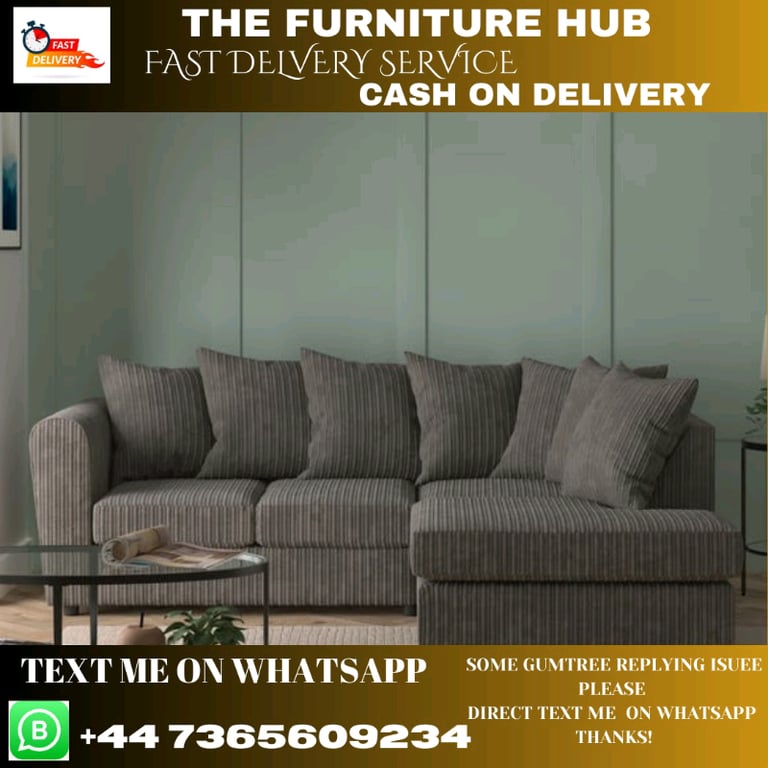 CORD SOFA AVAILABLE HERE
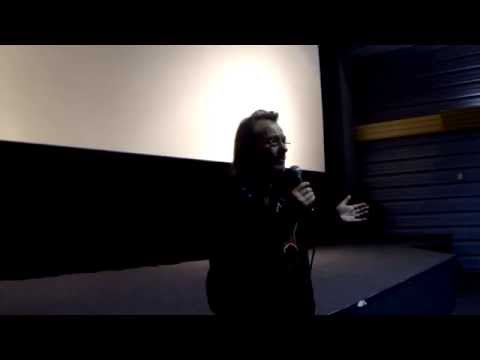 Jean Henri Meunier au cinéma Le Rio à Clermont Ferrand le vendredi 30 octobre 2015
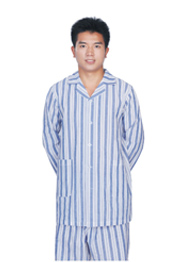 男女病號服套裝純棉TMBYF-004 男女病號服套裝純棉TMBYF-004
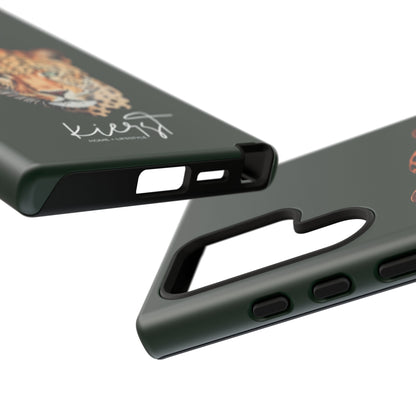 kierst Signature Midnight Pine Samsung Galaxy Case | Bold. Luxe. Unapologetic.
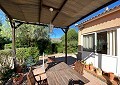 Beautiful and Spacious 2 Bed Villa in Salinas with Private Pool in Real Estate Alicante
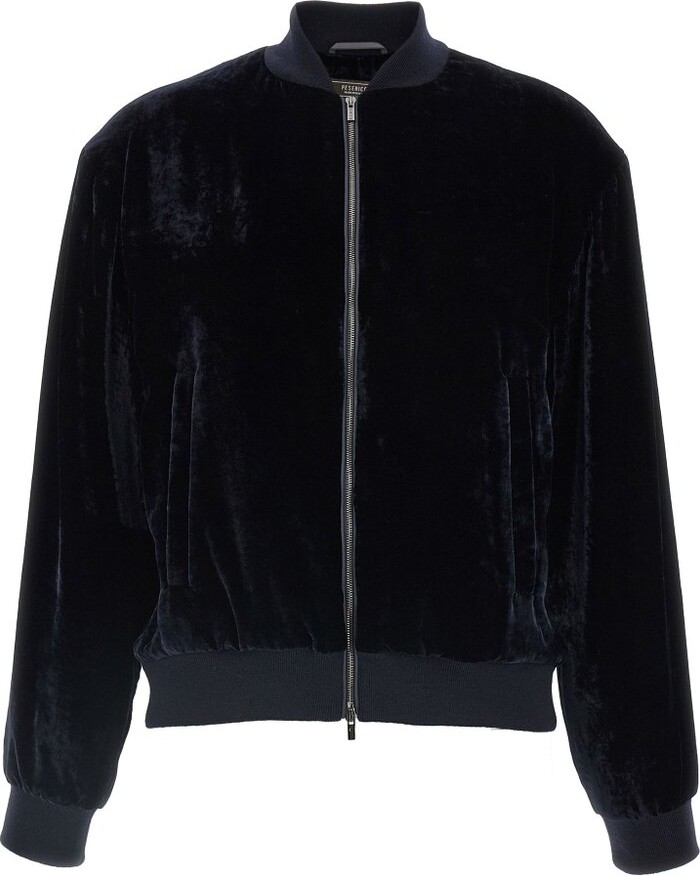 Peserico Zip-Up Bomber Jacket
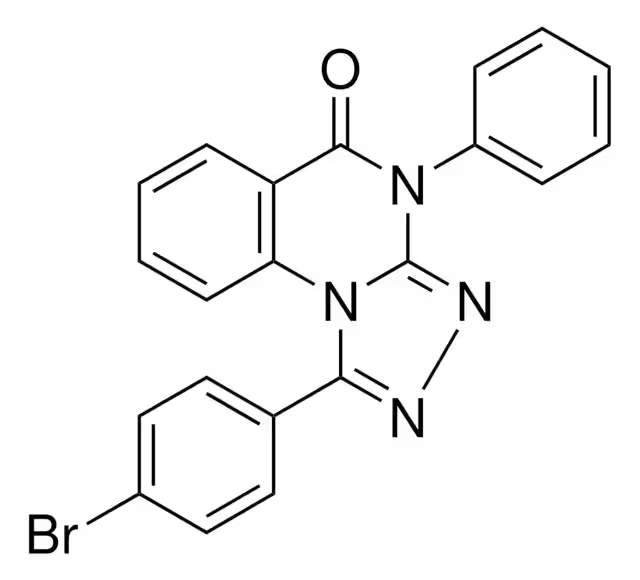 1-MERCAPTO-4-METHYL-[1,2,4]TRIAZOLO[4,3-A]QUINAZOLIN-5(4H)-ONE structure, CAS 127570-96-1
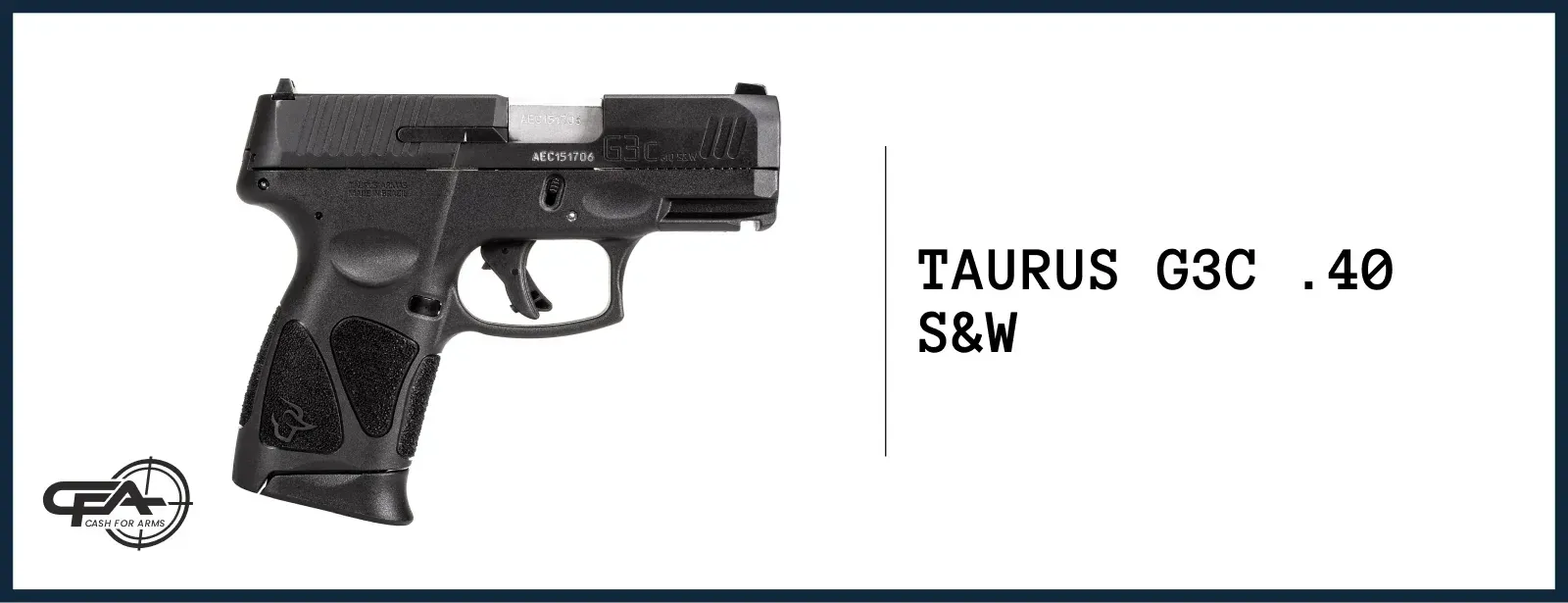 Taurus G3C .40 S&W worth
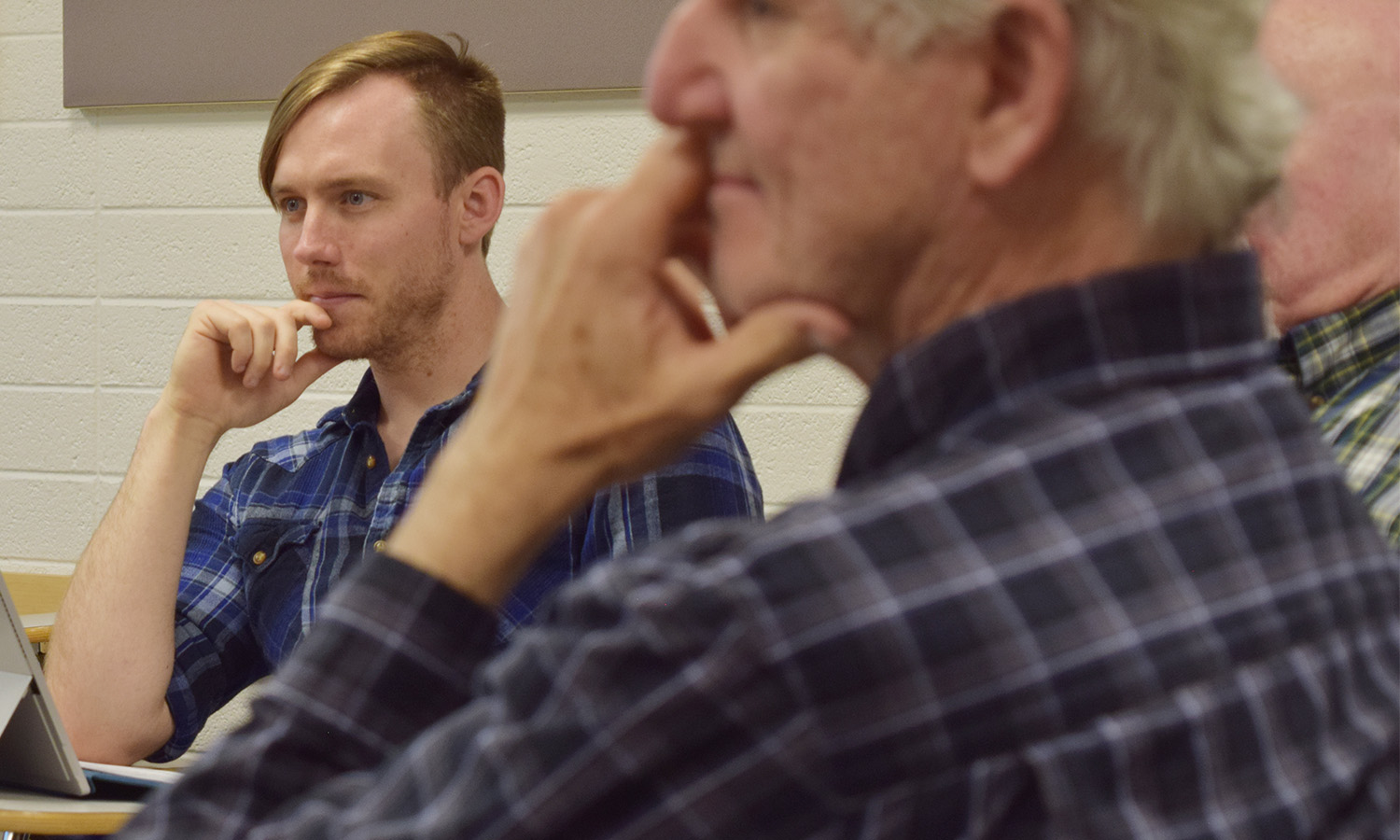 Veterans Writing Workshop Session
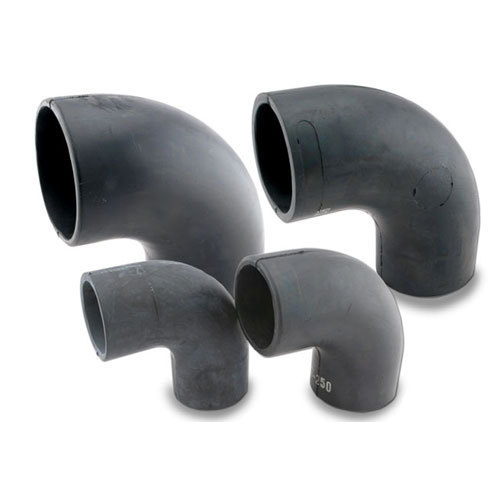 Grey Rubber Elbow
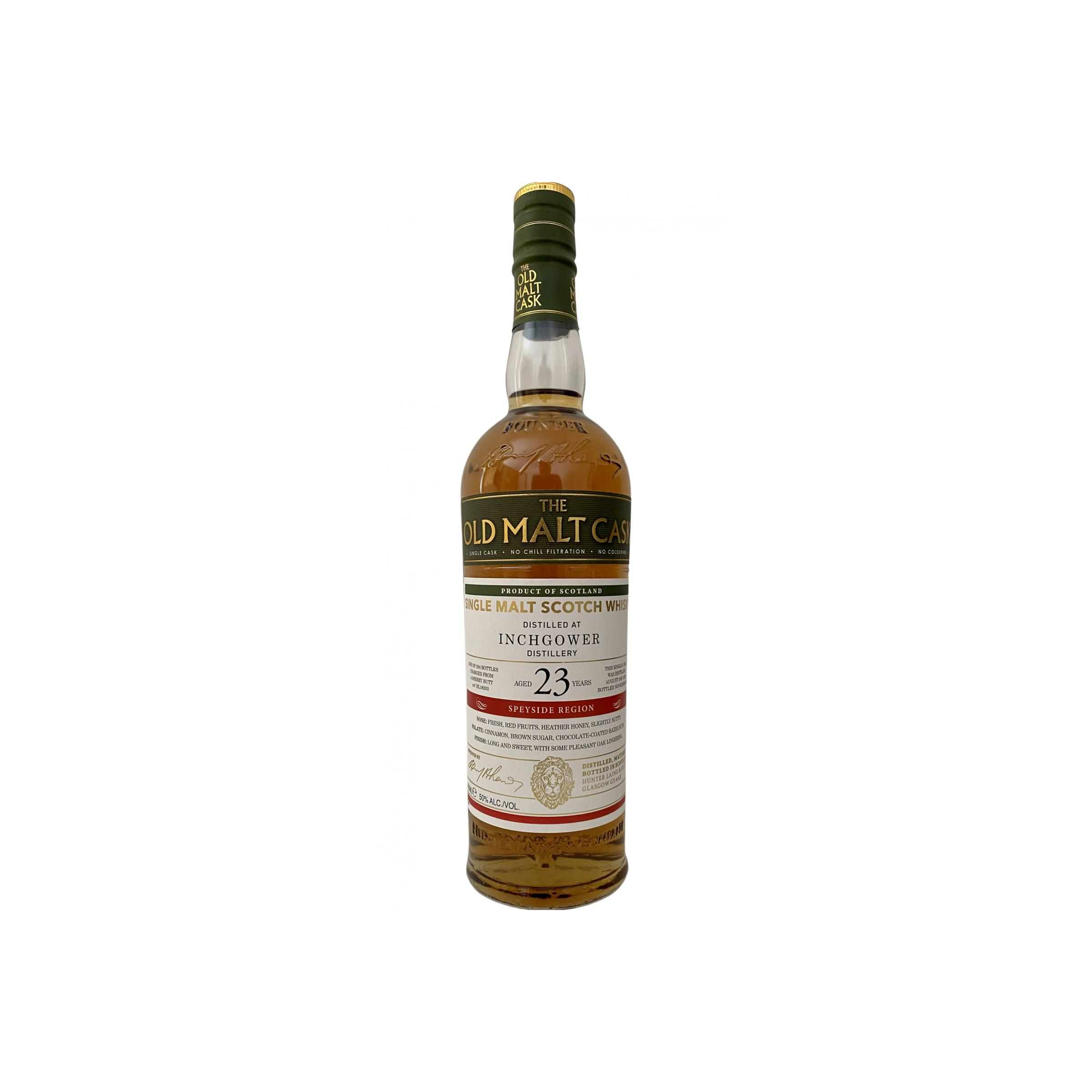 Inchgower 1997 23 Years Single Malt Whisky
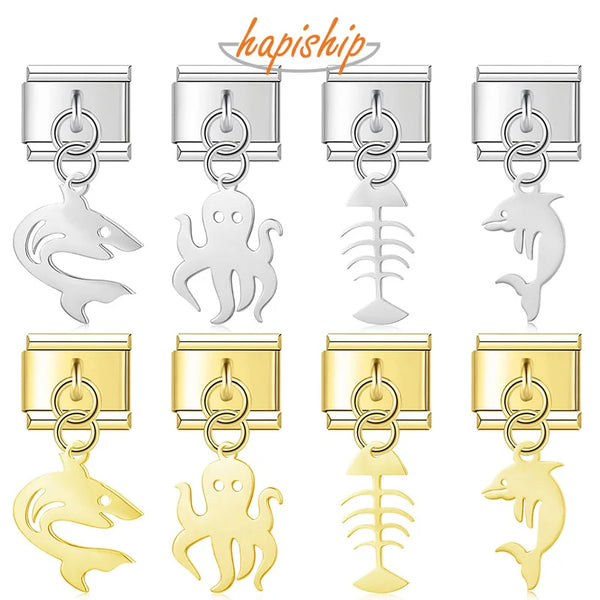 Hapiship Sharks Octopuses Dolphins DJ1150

........

Give back word for word the lines from the one containing "Veterans Writing Workshop Session" through the final line of the data above. Pictures are to be left out.

 Veterans Writing Workshop Session
 Grey Rubber Elbow
 Inchgower 1997 23 Years Single Malt Whisky
 Hapiship Sharks Octopuses Dolphins DJ1150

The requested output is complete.